▶ EXERCISE AIM:
Only the lines below starting at the one containing "Chemise manche courte" and ending at the one containing "银河通用携手百达精工推进千台具身机器人产线落地" belong in the answer, each copied exactly.

▶ AVAILABLE DATA:
Segment Open
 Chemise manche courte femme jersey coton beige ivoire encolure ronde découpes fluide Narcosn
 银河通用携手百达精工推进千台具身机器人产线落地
Segment Closed
Segment Open
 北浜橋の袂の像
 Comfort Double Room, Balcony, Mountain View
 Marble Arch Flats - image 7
Segment Closed
Segment Open
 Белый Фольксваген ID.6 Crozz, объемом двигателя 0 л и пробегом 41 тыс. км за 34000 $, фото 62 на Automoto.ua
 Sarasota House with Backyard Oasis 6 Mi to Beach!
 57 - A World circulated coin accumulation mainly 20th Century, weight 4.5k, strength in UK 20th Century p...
Segment Closed
▶ RESULT OF THIS EXERCISE:
 Chemise manche courte femme jersey coton beige ivoire encolure ronde découpes fluide Narcosn
 银河通用携手百达精工推进千台具身机器人产线落地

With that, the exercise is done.